▶ Task statement
All lines from the one with "Ser de Fata, CeraVe, Skin" through the final line below are to be reproduced exactly; omit the others.

Recorded data
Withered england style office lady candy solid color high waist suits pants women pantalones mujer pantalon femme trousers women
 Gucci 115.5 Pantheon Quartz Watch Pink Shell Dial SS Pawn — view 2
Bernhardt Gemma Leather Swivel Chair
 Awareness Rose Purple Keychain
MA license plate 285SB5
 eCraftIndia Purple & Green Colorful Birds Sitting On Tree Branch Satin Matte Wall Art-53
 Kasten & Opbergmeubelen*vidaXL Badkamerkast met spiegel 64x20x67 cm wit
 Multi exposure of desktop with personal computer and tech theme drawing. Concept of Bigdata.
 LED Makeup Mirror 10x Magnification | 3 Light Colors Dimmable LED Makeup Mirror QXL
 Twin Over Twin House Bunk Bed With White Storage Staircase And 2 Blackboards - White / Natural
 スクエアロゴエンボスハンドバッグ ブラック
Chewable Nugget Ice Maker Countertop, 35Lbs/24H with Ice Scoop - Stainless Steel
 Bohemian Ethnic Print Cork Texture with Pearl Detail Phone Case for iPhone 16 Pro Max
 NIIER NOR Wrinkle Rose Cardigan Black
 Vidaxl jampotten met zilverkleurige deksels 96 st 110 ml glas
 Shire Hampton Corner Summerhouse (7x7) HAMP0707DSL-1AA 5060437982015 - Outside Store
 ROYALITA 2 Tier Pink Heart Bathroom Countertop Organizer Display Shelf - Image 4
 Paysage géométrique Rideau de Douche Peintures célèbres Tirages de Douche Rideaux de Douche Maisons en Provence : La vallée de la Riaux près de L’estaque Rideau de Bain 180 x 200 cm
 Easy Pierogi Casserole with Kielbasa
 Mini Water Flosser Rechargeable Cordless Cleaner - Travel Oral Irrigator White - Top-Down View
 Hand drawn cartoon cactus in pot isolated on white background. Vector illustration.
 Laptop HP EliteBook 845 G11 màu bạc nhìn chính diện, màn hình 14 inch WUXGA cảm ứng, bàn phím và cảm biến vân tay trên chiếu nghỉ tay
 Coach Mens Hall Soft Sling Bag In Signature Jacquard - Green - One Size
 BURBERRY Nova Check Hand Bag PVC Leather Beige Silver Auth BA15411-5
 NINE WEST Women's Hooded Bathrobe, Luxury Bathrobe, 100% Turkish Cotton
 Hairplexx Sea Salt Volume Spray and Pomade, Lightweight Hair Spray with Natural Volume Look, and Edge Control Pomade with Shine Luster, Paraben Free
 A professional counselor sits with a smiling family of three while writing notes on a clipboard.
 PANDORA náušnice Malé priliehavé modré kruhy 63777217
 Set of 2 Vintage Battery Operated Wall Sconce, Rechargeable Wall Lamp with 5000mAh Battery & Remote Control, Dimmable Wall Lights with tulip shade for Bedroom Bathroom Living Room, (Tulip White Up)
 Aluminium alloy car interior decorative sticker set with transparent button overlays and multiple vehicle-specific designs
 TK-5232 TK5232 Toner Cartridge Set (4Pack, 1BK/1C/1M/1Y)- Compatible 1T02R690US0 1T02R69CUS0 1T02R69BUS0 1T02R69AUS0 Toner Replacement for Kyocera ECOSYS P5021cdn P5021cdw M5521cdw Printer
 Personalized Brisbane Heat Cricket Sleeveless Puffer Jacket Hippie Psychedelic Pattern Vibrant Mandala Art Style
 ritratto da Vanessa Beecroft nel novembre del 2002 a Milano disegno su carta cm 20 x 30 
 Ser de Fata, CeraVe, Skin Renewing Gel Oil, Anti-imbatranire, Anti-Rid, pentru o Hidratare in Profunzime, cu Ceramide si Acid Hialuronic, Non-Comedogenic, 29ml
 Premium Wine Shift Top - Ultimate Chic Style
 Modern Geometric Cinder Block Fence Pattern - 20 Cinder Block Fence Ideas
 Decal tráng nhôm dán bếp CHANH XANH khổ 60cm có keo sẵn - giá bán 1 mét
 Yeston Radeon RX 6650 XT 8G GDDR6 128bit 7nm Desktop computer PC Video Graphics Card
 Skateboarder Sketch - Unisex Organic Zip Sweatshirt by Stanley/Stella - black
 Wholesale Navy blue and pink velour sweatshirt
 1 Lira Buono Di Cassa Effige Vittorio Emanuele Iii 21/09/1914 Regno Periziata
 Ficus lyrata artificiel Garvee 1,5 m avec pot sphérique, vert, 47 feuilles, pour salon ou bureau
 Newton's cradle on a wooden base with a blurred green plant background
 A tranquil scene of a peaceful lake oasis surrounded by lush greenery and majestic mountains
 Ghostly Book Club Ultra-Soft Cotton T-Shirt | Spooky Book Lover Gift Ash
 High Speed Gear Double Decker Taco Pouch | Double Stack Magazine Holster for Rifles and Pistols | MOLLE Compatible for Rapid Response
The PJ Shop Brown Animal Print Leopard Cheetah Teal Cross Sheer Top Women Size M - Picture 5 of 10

▶ Task output
 Ser de Fata, CeraVe, Skin Renewing Gel Oil, Anti-imbatranire, Anti-Rid, pentru o Hidratare in Profunzime, cu Ceramide si Acid Hialuronic, Non-Comedogenic, 29ml
 Premium Wine Shift Top - Ultimate Chic Style
 Modern Geometric Cinder Block Fence Pattern - 20 Cinder Block Fence Ideas
 Decal tráng nhôm dán bếp CHANH XANH khổ 60cm có keo sẵn - giá bán 1 mét
 Yeston Radeon RX 6650 XT 8G GDDR6 128bit 7nm Desktop computer PC Video Graphics Card
 Skateboarder Sketch - Unisex Organic Zip Sweatshirt by Stanley/Stella - black
 Wholesale Navy blue and pink velour sweatshirt
 1 Lira Buono Di Cassa Effige Vittorio Emanuele Iii 21/09/1914 Regno Periziata
 Ficus lyrata artificiel Garvee 1,5 m avec pot sphérique, vert, 47 feuilles, pour salon ou bureau
 Newton's cradle on a wooden base with a blurred green plant background
 A tranquil scene of a peaceful lake oasis surrounded by lush greenery and majestic mountains
 Ghostly Book Club Ultra-Soft Cotton T-Shirt | Spooky Book Lover Gift Ash
 High Speed Gear Double Decker Taco Pouch | Double Stack Magazine Holster for Rifles and Pistols | MOLLE Compatible for Rapid Response
The PJ Shop Brown Animal Print Leopard Cheetah Teal Cross Sheer Top Women Size M - Picture 5 of 10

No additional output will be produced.